Stored data:

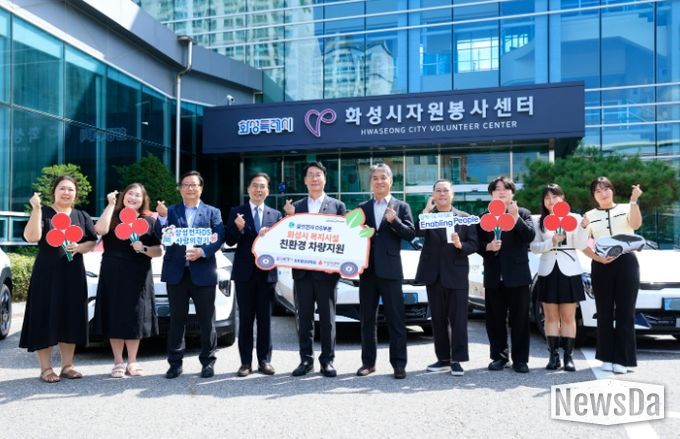 5일 삼성전자 화성시 복지시설 친환경 차량 전달식에서 정명근 화성특례시장(사진 가운데)과 주요 참석자들이 기념촬영을 하고 있다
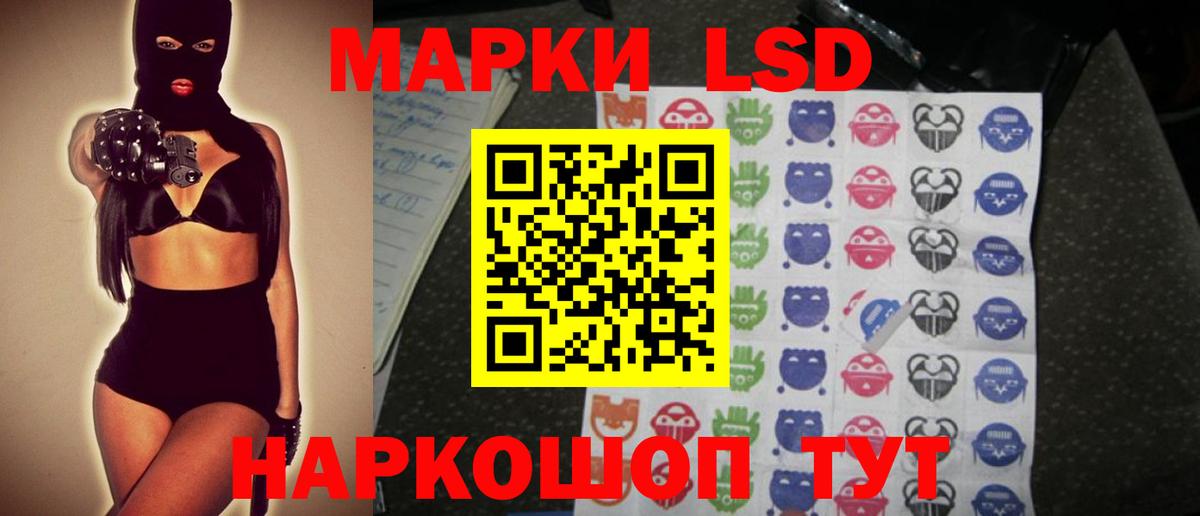 Лсд 25 экстази кислота  Вход с VPN  Ковров  Лсд 25 экстази ecstasy 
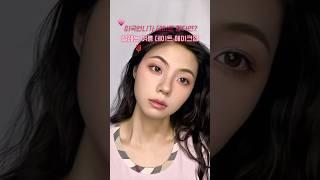 미쿡언니가 데이트 한다면? 설레는 여름 데이트 메이크업 (feat. 핑크 로즈골드 아이 메이크업) #메이크업 #메이크업튜토리얼 #쿨톤 #핀터레스트 #shorts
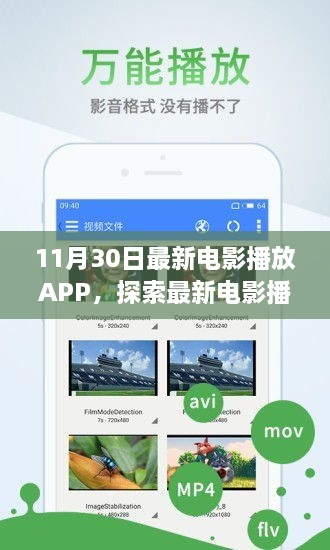 11月30日最新版電影播放APP亮點(diǎn)解析，探索最新電影體驗(yàn)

Directions for this task: In the answer, all of the material should appear exactly as given, with no picture carried over.

The completed task:
 5일 삼성전자 화성시 복지시설 친환경 차량 전달식에서 정명근 화성특례시장(사진 가운데)과 주요 참석자들이 기념촬영을 하고 있다
 Лсд 25 экстази кислота  Вход с VPN  Ковров  Лсд 25 экстази ecstasy 
 미쿡언니가 데이트 한다면? 설레는 여름 데이트 메이크업 (feat. 핑크 로즈골드 아이 메이크업) #메이크업 #메이크업튜토리얼 #쿨톤 #핀터레스트 #shorts
 11月30日最新版電影播放APP亮點(diǎn)解析，探索最新電影體驗(yàn)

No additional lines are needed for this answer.